By 2007 the twins had moved beyond the singer-songwriter framework toward explorations of pop, punk, and indie rock. That year's The Con, produced by Christopher Walla of Death Cab for Cutie, entered the upper half of the Billboard 200 and yielded the singles "Back in Your Head" and "The Con," eventually ranking among their most cherished works. Walla's involvement continued on the 2009 follow-up Sainthood. The same year included a collaboration with Tiësto on "Feel It in My Bones" for his Kaleidoscope album and with comedian Margaret Cho on "Intervention" from Cho Dependent. The Tiësto track signaled a dance-oriented shift the Quins would later pursue fully. Prior to that transition they released the live CD/DVD Get Along, accompanied by three short films titled States, India, and For the Most Part.

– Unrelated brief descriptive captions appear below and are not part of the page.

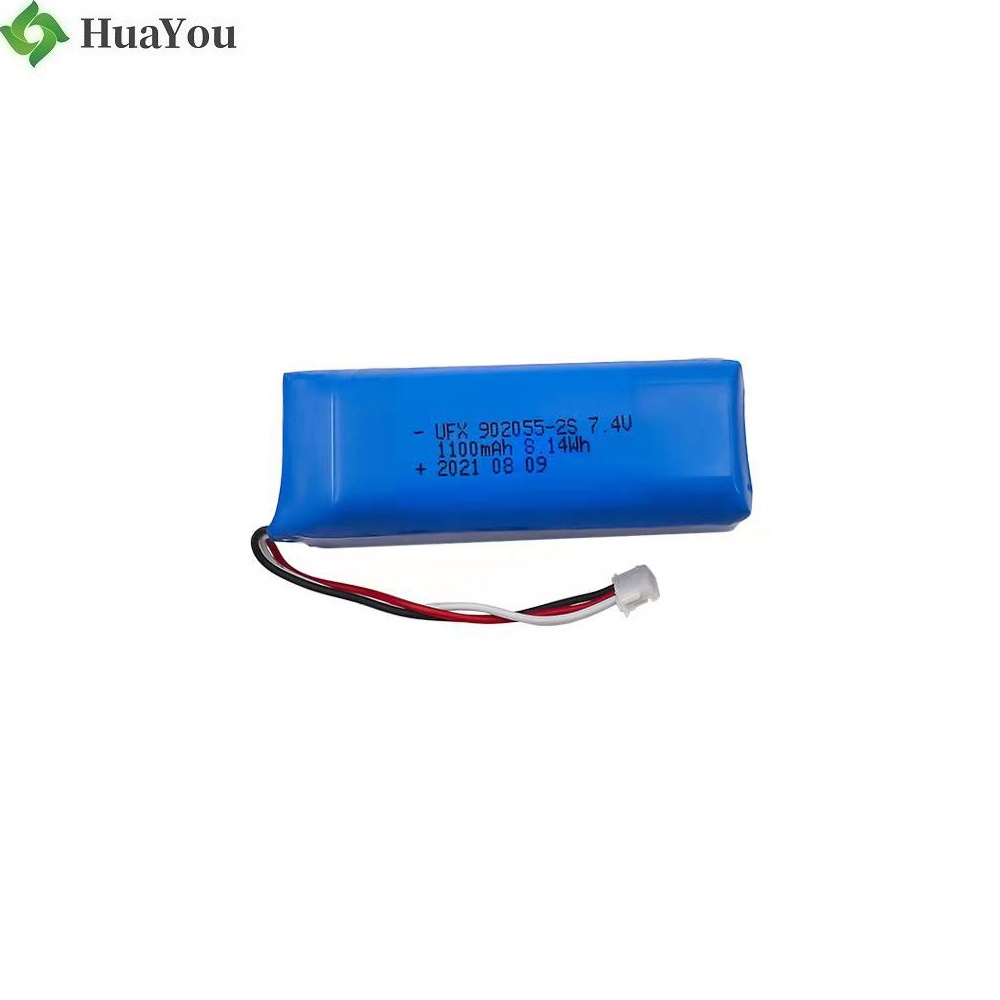 Professional Customized 7.4V Batteries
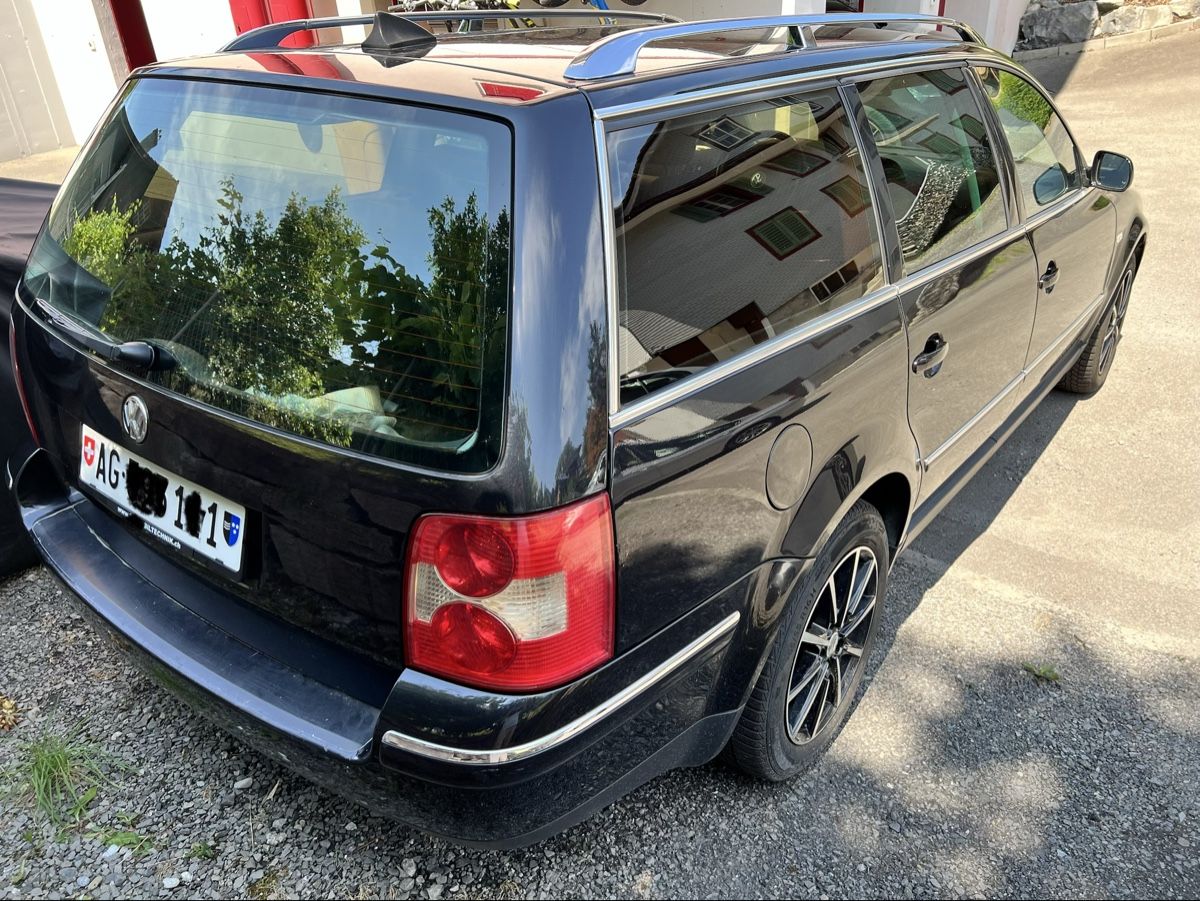 VW Automobili: VW Passat 1.8T 8-fach bereift – Usato da Dietwil venduto da kim_9ntv 1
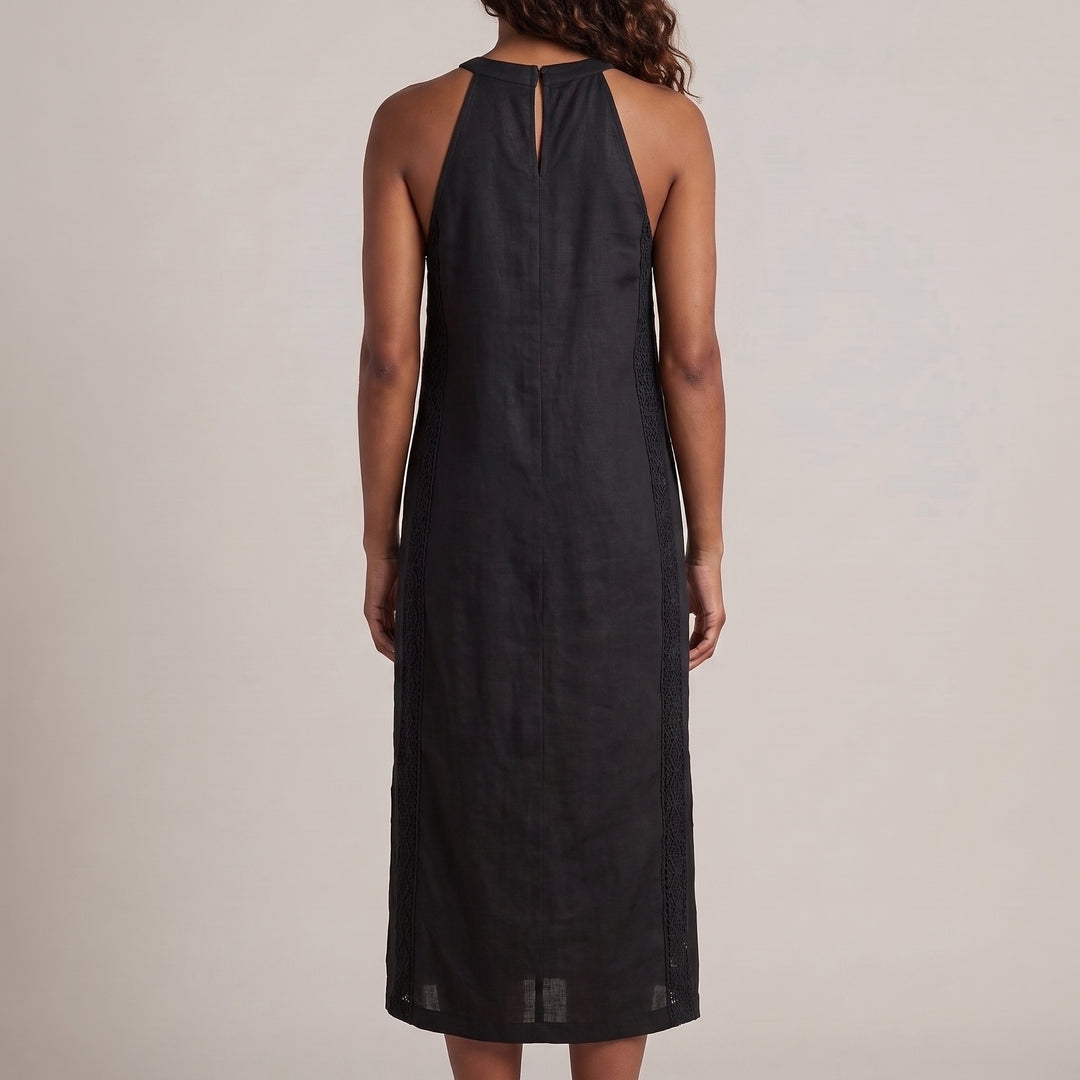Vestido midi irresistible con bolsillos
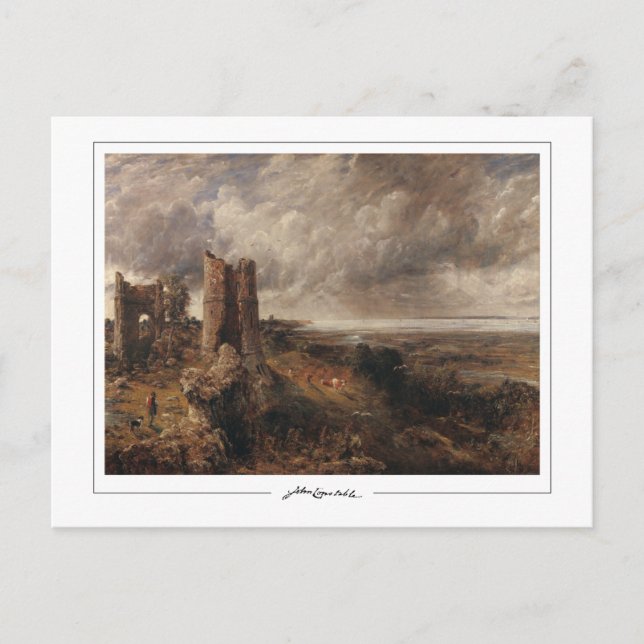 John Constable #13 - Carte postale d'art fin (Devant)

For their seventh studio album the sisters enlisted producer Greg Kurstin, whose credits include Lily Allen, Kelly Clarkson, and Ke$ha, to shape a modern pop aesthetic. The resulting Heartthrob, issued in early 2013, earned near-universal praise, reached number one in more than a dozen countries, and secured three Juno Awards plus a Polaris Music Prize nomination. Later that year they contributed the upbeat theme "Everything Is AWESOME!!!" to The Lego Movie, recorded with the Lonely Island; the track received gold certification and an Academy Award nomination. Their next effort, 2016's Love You to Death, again produced by Kurstin, delved further into radio-friendly pop.

In 2017 the Quins marked the tenth anniversary of The Con with the covers collection The Con X, featuring reinterpretations by Sara Bareilles, CHVRCHES, and Hayley Williams of Paramore. Memoir work focused on their teenage experiences prompted rediscovery of early demo cassettes. After discussion they recorded updated versions with producer Alex Hope and an all-female team of musicians and engineers, merging their original new-wave foundation with the polished pop of their 2010s output. Both the book High School and the album Hey, I'm Just Like You appeared in September 2019. While touring in support they captured the live album Tonight in the Dark We're Seeing Colors, released in September 2020. Two years afterward they revisited So Jealous for the acoustic Still Jealous. That year also brought the premiere of the High School television series and the John Congleton-produced Crybaby, whose jagged synth-pop, quirky new-wave textures, and dramatic ballads delivered stylistic flair and unflinching honesty, with the added element of joint songwriting between the sisters.